*AIM OF THE EXERCISE*: Type out the data again, word for word and in full.

*SOURCE MATERIAL*:
⟨
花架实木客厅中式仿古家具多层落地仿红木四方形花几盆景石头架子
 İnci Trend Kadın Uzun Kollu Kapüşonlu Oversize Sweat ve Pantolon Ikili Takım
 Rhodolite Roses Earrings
⟩
*ANSWER TO THE PROBLEM*:
花架实木客厅中式仿古家具多层落地仿红木四方形花几盆景石头架子
 İnci Trend Kadın Uzun Kollu Kapüşonlu Oversize Sweat ve Pantolon Ikili Takım
 Rhodolite Roses Earrings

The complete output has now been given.